PT Best Profit Futures Cabang Pontianak

Ini kunci sukses PT Timah (TINS) menaikkan laba di semester I 2018

Aktifitas bongkar muat Timah di Pelabuhan sunda Kelapa, Jakarta (19/12). Setelah sempat terhenti, Asosiasi Timah Indonesia (ATI) memperkirakan ekspor timah bulan ini akan tumbuh 127 persen dibanding Nobember, kenaikan ini disinyalir berasal dari produsen yang mangkir dari komitmen moratorium ekspor timah. KONTAN/Muradi/19/12/2011

PT.Bestprofit – Ini kunci sukses PT Timah (TINS) menaikkan laba di semester I 2018 | PT Best Profit Futures Pontianak

Bestprofit (04/09) — JAKARTA. Maksimalkan strategi di kuartal II 2018, PT Timah Tbk (TINS) bukukan kenaikan laba nyaris 13%. Itu berbanding terbalik dengan capaian kuartal I 2018, di mana laba perusahaan tambang tersebut turun hingga 18%.

Dalam laporan keuangan, Timah melaporkan laba periode berjalan yang dapat didistribusikan ke pemilik entitas induk sebesar Rp 170,14 miliar pada semester pertama 2018. Angka tersebut naik 12,93% dari catatan laba Rp 150,65 miliar di periode sama tahun sebelumnya.

Di enam bulan tahun ini, TINS membukukan pendapatan usaha naik 1,62% jadi Rp 4,37 triliun dari pendapatan usaha Rp 4,30 triliun tahun sebelumnya, dan beban pokok pendapatan naik tipis 0,81% jadi Rp 3,70 triliun dari beban pokok pendapatan Rp 3,67 triliun.

Direktur Keuangan TINS Emil Ermindra menjelaskan, kinerja yang lebih baik tersebut karena keberhasilan strategi usaha dari tim operasi produksi perusahaan. Dia menjelaskan ada beberapa hal sederhana, yang ternyata ampuh untuk mendorong laba emiten itu.

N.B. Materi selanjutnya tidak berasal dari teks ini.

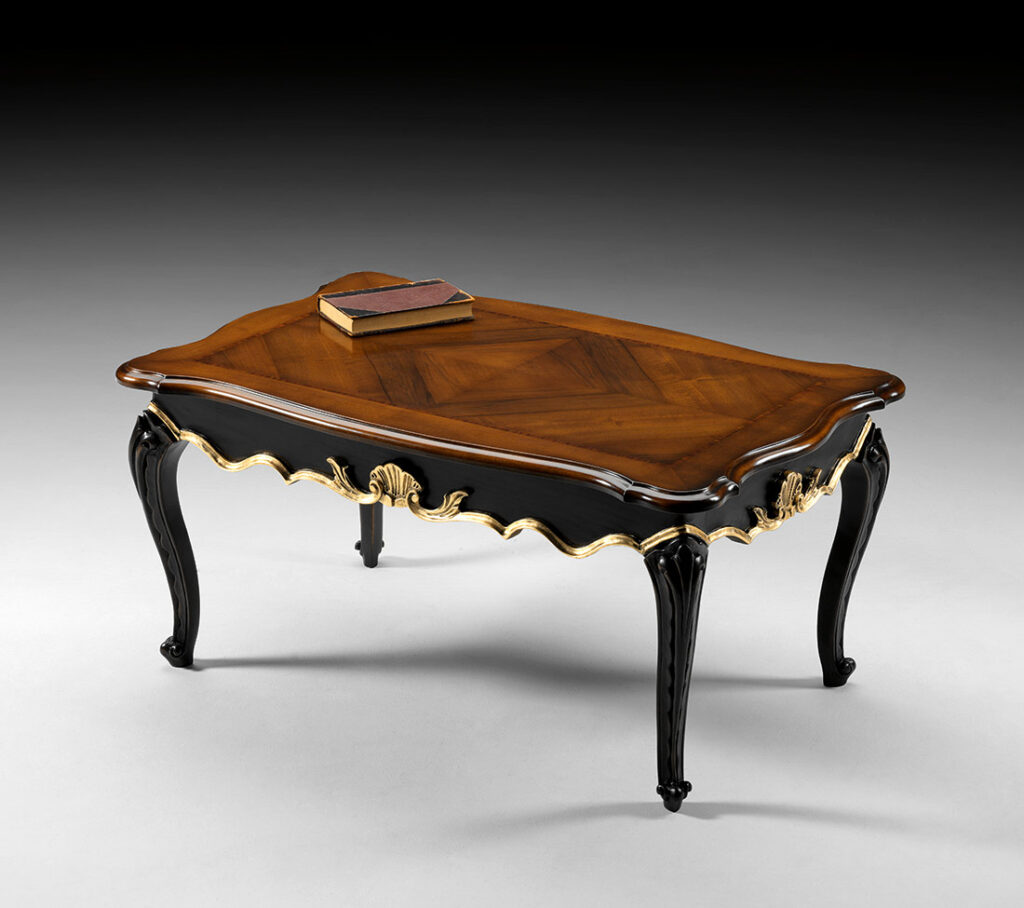 tavolino-essenza-ciliegio-con-piano-intarsiato-NCF019-prestigemobili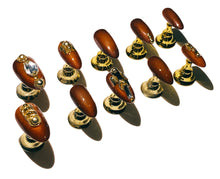 Load image into Gallery viewer, CHRMD SPECIAL TIER 2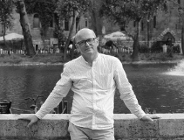 Nie żyje Wojciech Pelc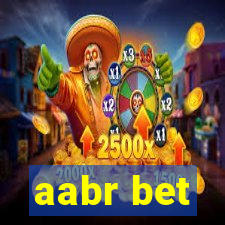 aabr bet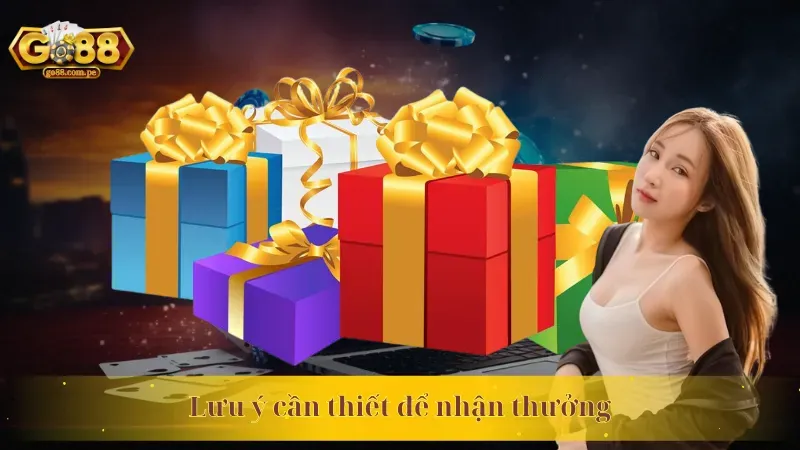 Các bước chơi và rút tiền tại banca28 win
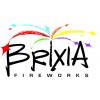 BRIXIA FIREWORKS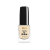Delia Cosmetics Delia hard & shine világos bézs színű körömlakk 11ml 804
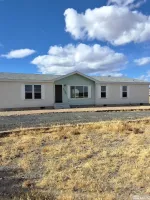 3065 Dayton Ave, Silver Springs, Nevada 89429, 3 Bedrooms Bedrooms, ,2 BathroomsBathrooms,Residential,For Sale,Dayton Ave,240014544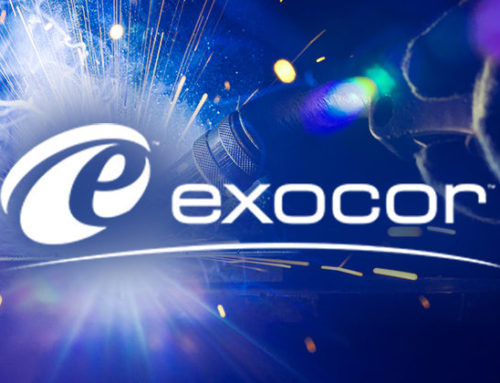 We Acquire St. Catharines Based Company Exocor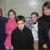 Каролина Харина, 05.03.1997
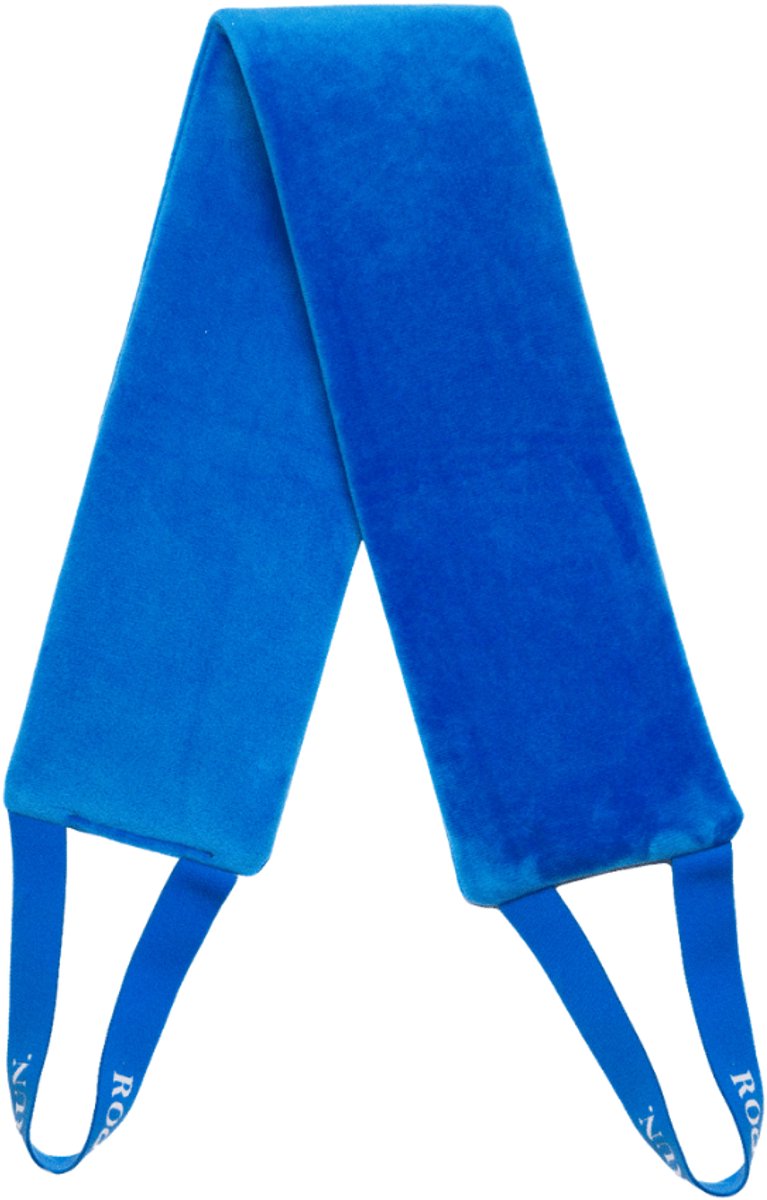 ROQUEBRUN. Back Applicator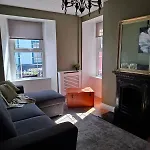 Sweet Retreat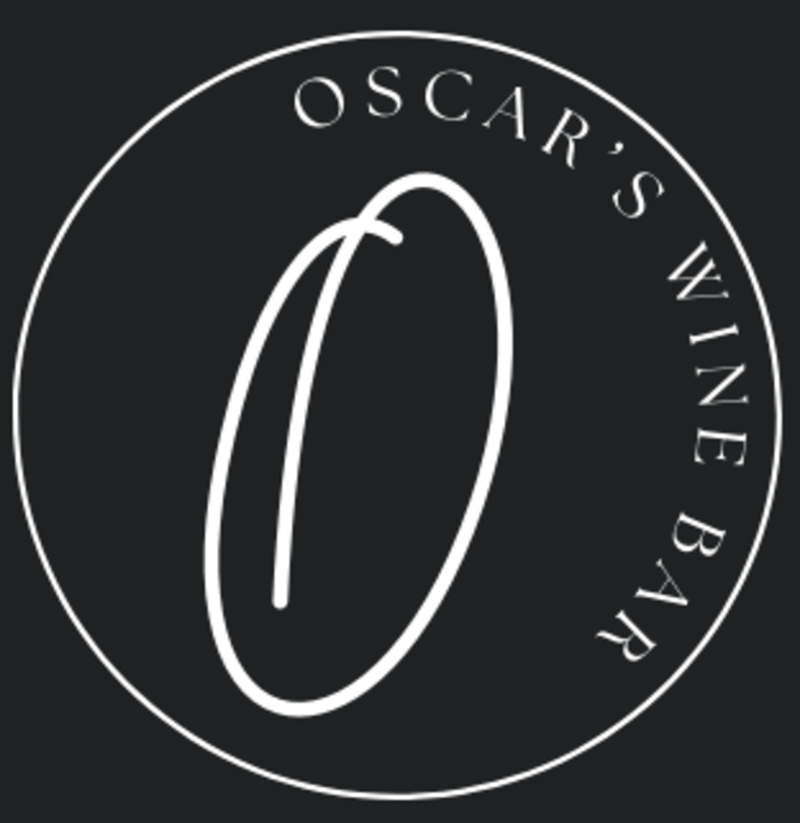 Oscar's Wine Bar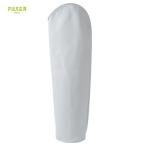 Liquid Filter Bag For Paper Industry High Temperature Resistant Nylon PP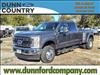 2024 Ford F-350 Super Duty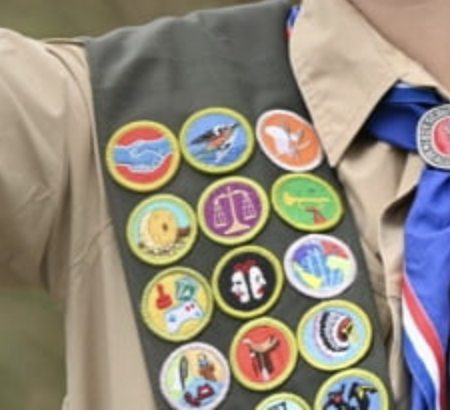 Scouts BSA - 🌟 We're happy to announce a new resource for... | Facebook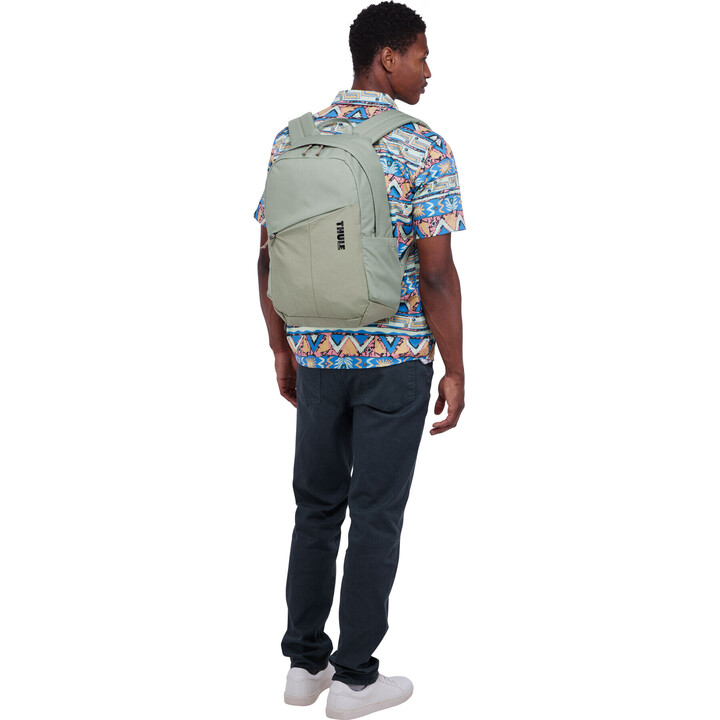 Thule 5203 Notus Rucksack 20L Quiet Green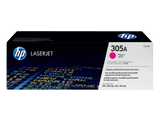 HP TONER CE 413AE MAGENTA (305A)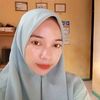 arin.aprilya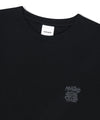 Mahagrid SLASH LOGO TEE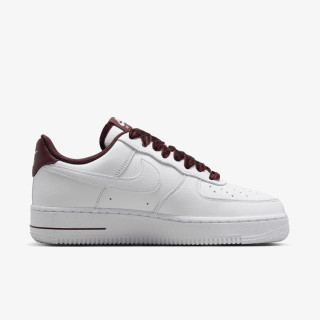 NIKE Patike W AIR FORCE 1 '07 LACE 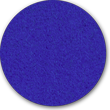 English Blue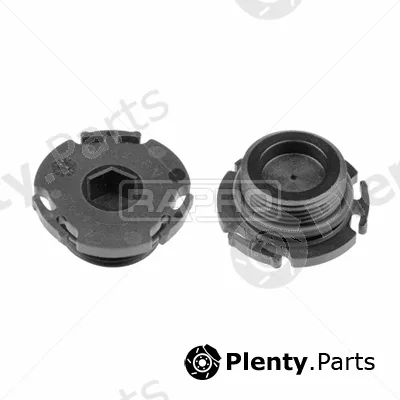 Rapro R54923 — Screw Plug, oil sump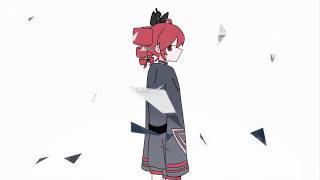 Cover art for Never Ending Dance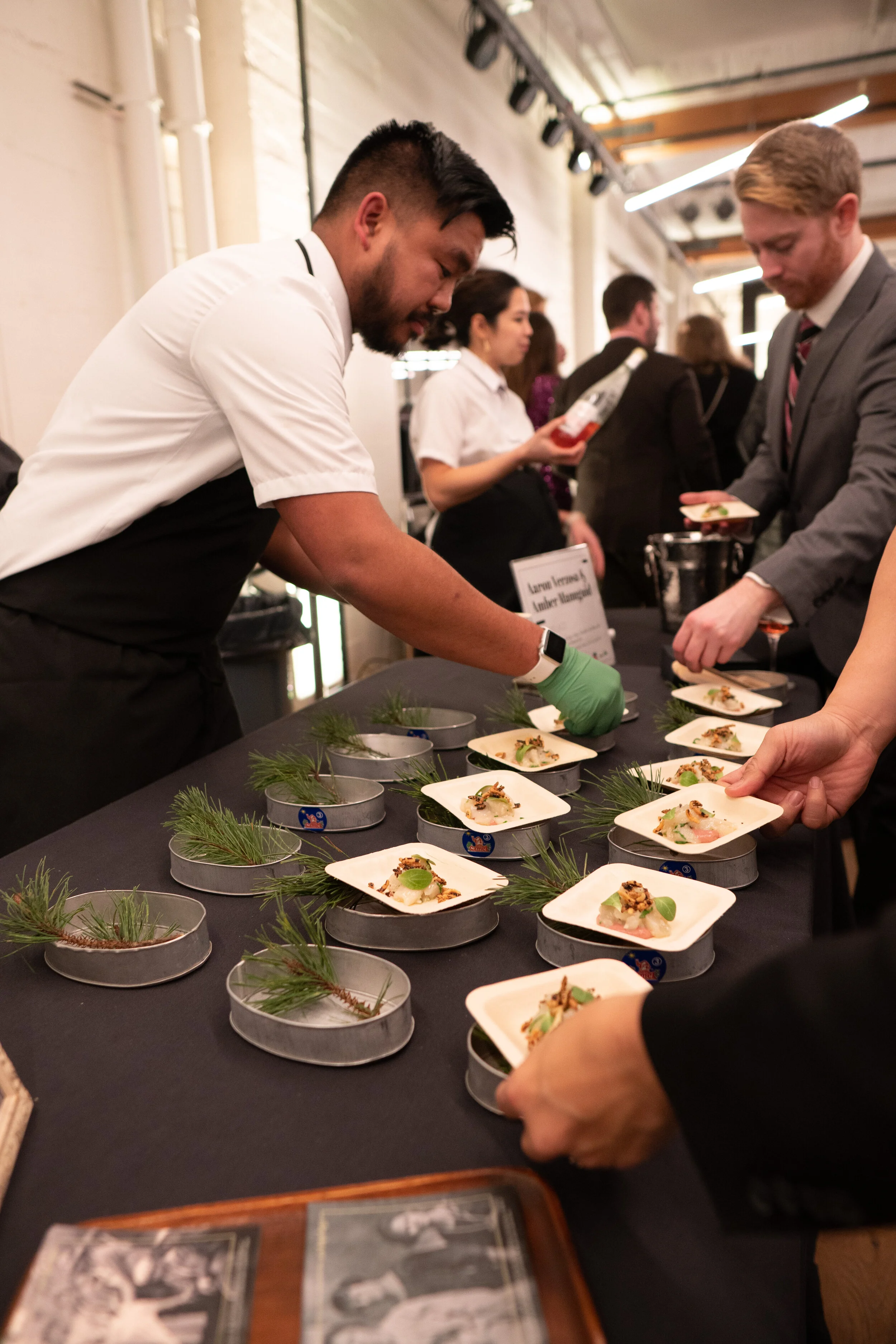 2020_StarChefs-21.JPG
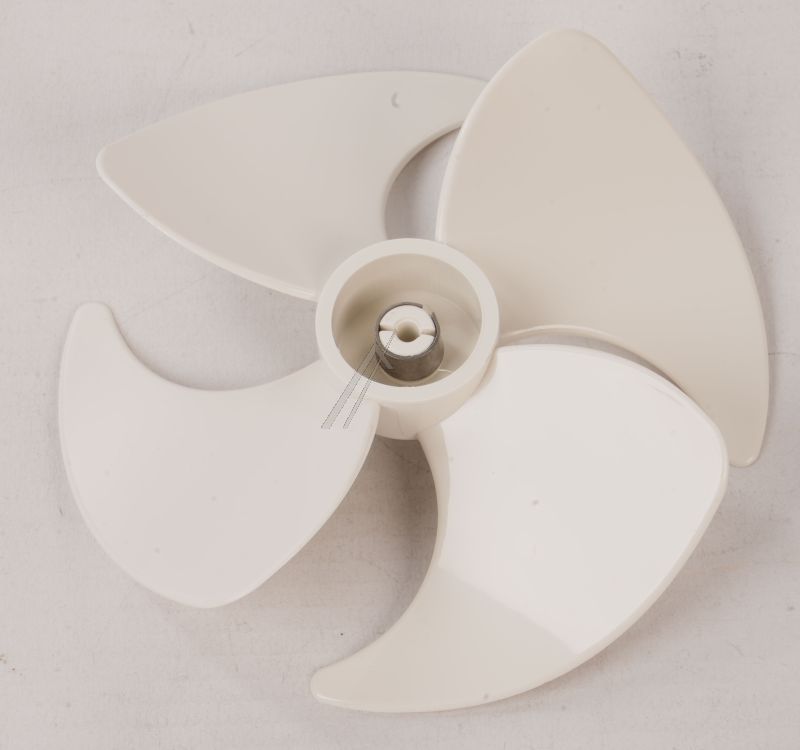 ELECTROLUX / AEG Turbinewielen                                                2086258031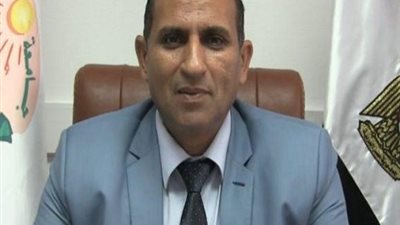 برتوكول تعاون بين جامعة أسوان و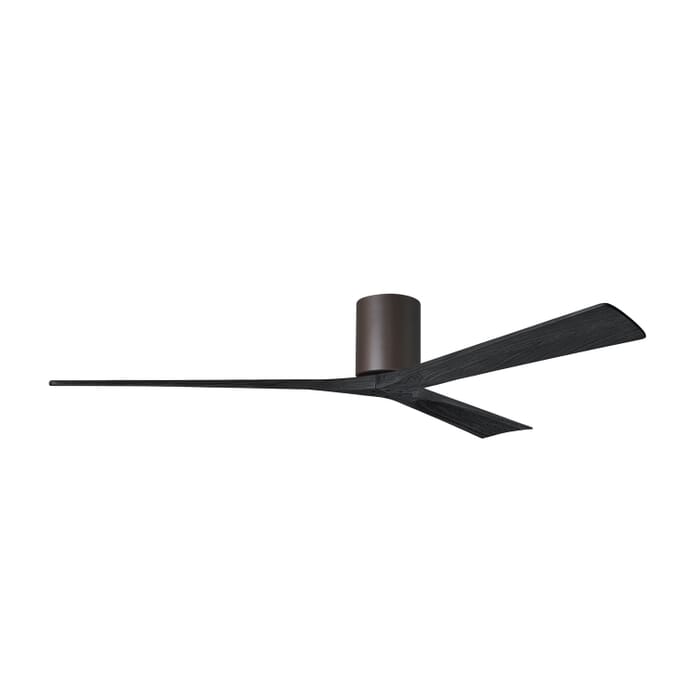 72"Ceiling Fan 72"Ceiling Fan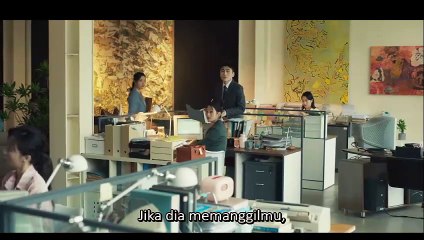 The Tale of Rose Episode 3 🌹 | Don't Miss Out on the Next Adventure!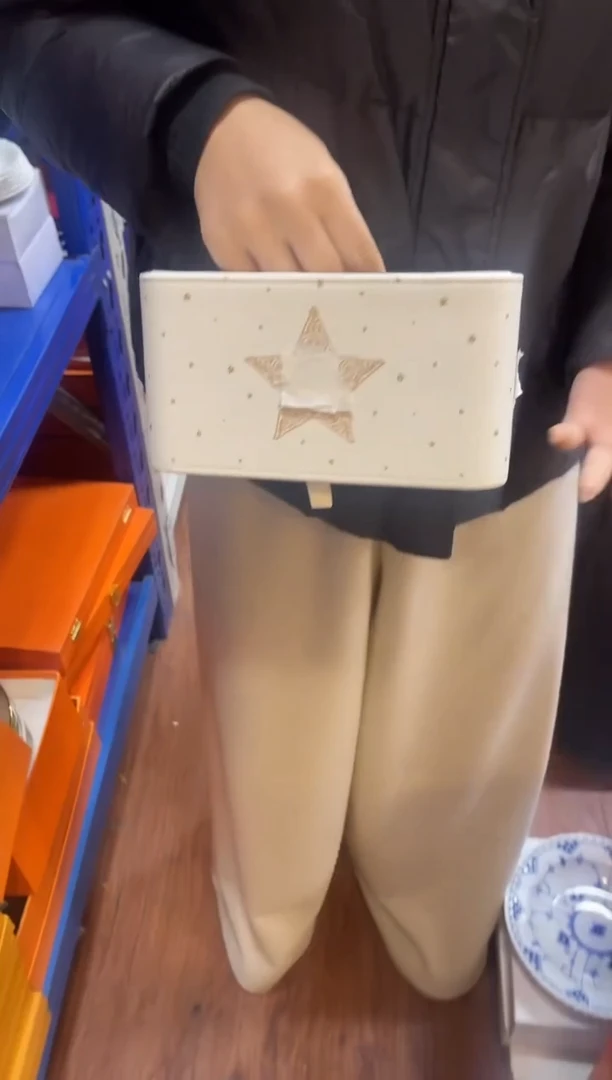 杯鸿辉家品牌瓷器，京东包邮！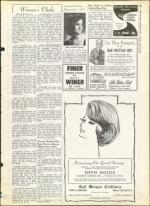 image of March 08, 1963 - number 15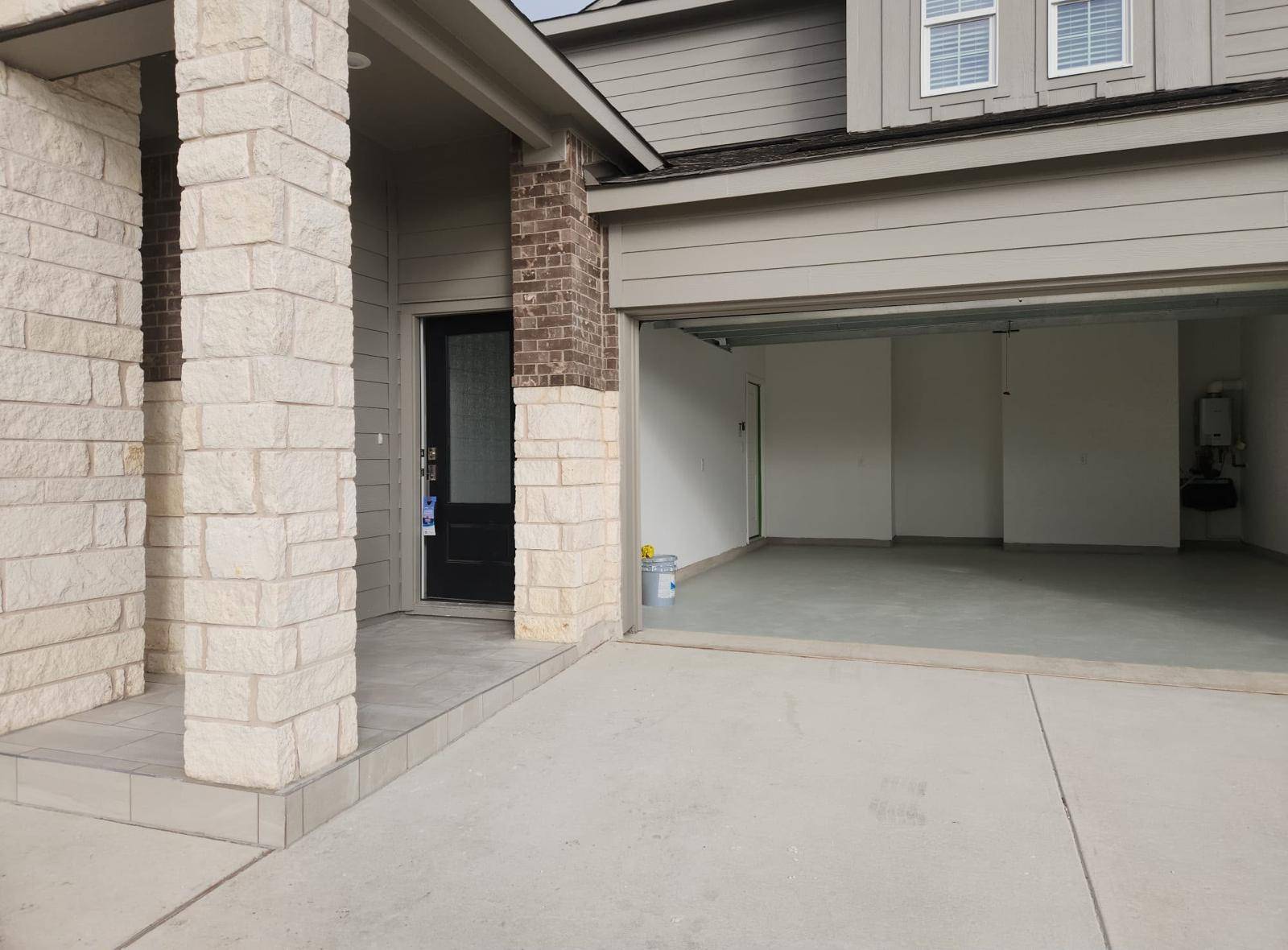 17808 Indigo Bunting LN, Pflugerville, TX 78660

“Dengan memperbaiki sistem operasi laut yang berorientasi pada jam jalan, insentif kualitas produksi, serta menerapkan sistem pembayaran imbal jasa yang bersaing dan dibayarkan pada hari yang sama,” jelasnya kepada Kontan.co.id, Selasa (4/9).

Hasilnya, pada semester I 2018, Emil mengungkapkan bahwa perusahaan telah berhasil menurunkan biaya perolehan bahan baku biji timah sebesar 18% year on year (yoy). Begitu juga total biaya perolehan bijih timah, turun menjadi Rp 2,06 miliar dari Rp 2,52 miliar pada tahun sebelumnya.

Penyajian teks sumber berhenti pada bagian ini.